Hans Ehrbar ehrbar at keynes
Sat Mar 11 07:43:43 MST 1995

Ralph wrote on Fri, 10 Mar 1995:

dumain> Though I thank Mr. Ehrbar for his efforts to translate
dumain> Bhaskar, I am not all all impressed by Bhaskar's "correction"
dumain> of Marx's putative shortcomings.

If someone wants me to put up other passages together with my
impressions around them, I'd be happy to -- and I will not be insulted
but thankful if you take the opportunity to point out Bhaskar's errors
or my own misunderstandings.  Science is a social process.  I would
also like to hear *your* interpretations of what Bhaskar says.

Ralph cited me:

ehrbar> An example of such actualist residues: Bhaskar discovered that
ehrbar> Hegel and, following Hegel, also Marx overemphasizes immanent
ehrbar> contradictions as opposed to external contradictions.

and added (and I'll give my responses to his comments):

dumain> Such a momentous "discovery" not only fails to substantiate
dumain> Bhaskar's genius,

Perhaps I should have said: this struck *me* as something new while
reading Bhaskar (I read it first in his chapter on dialectics in
"Reclaiming Reality").  I don't know if he is the one who discovered it.
I don't care, I think it is more important whether something is right
than whether it is new.  To me, it was new.

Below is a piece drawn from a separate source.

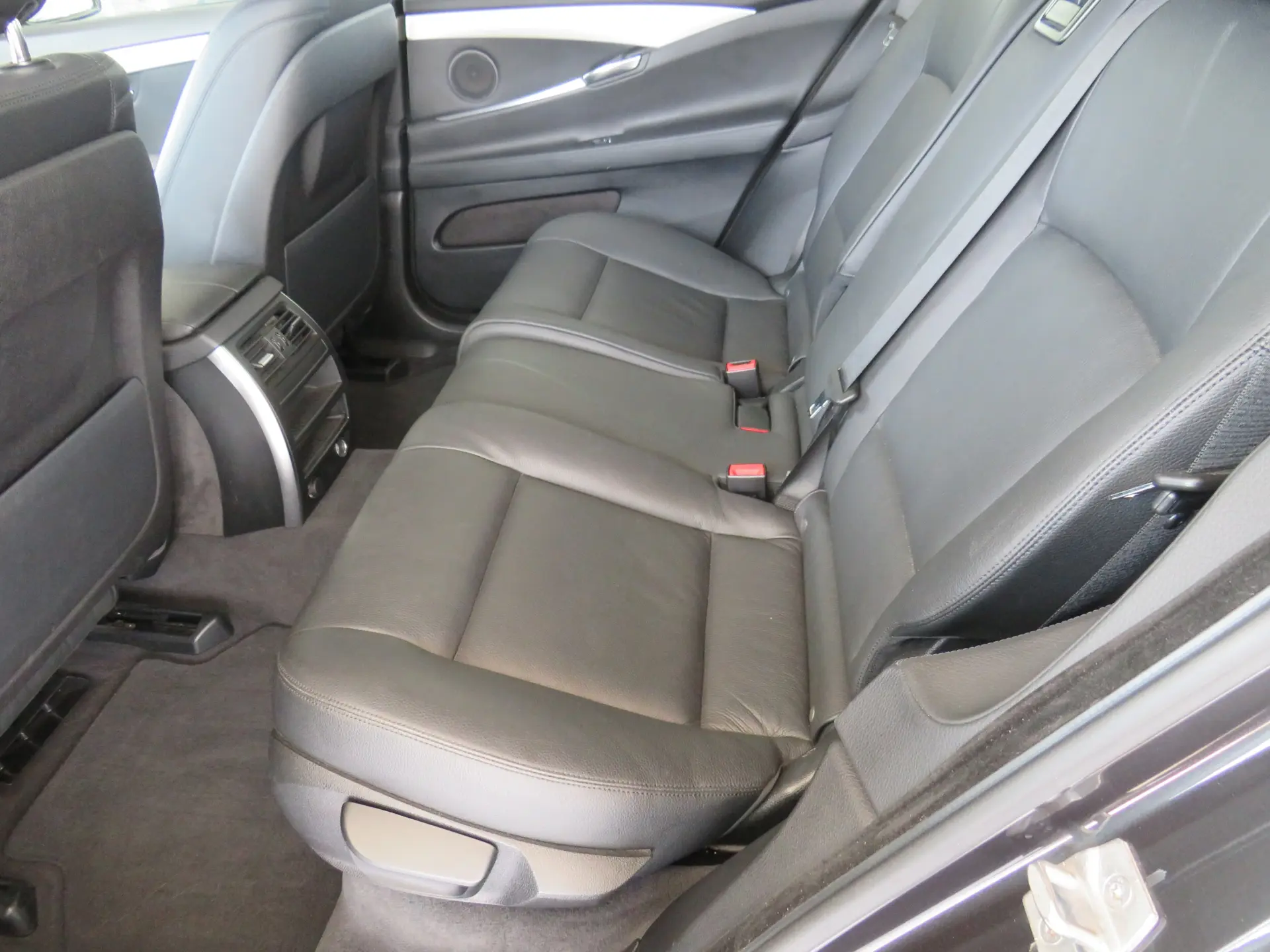 BMW 520 Gran Turismo d Line Luxury 29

dumain> but is far more applicable to the subsequent elaboration of
dumain> dialectical materialism than it is to Marx himself.

Aha, you don't agree with Bhaskar!  Why don't you say so right away
instead of trying to put down Bhaskar.  No, I do think this criticism
applies very much to Marx himself.  Marx's development in *Capital*
for instance, but probably worse so in *Grundrisse*, tries to connect
everything a tad too immanently and too necessarily.  Bhaskar, in his
Dialectic, says somewhere that he has to make a break now in his
presentation, which is inevitable because the world is disjointed too.
Whenever Marx has to make such a break, he is almost embarrassed and
tries to gloss it over.  Of course, people pick up on this and
exaggerate it later.

dumain> If one were to recognize that not all change must be the
dumain> development of internal contradictions, say if a comet were to
dumain> crash into the earth and put an end to all its autonomous internal
dumain> development, so what of useful cognitive value is to be derived
dumain> from that?

This is an adventurous claim on your part: only immanent contradictions
are something one can do anything about.  The remedies for extraneous
contradictions are less "natural" but this does not mean there aren't any.

dumain> To recognize internal contradiction as a motor of
dumain> change was itself a monumental achievement.  Bhaskar's "discovery"
dumain> is a minor puff of flatulence in comparison.

We are not in a contest about who is the greatest.  Bhaskar's "minor"
point is important to me because it may mean the difference between
continued existence of the human race or ecological catastrophe.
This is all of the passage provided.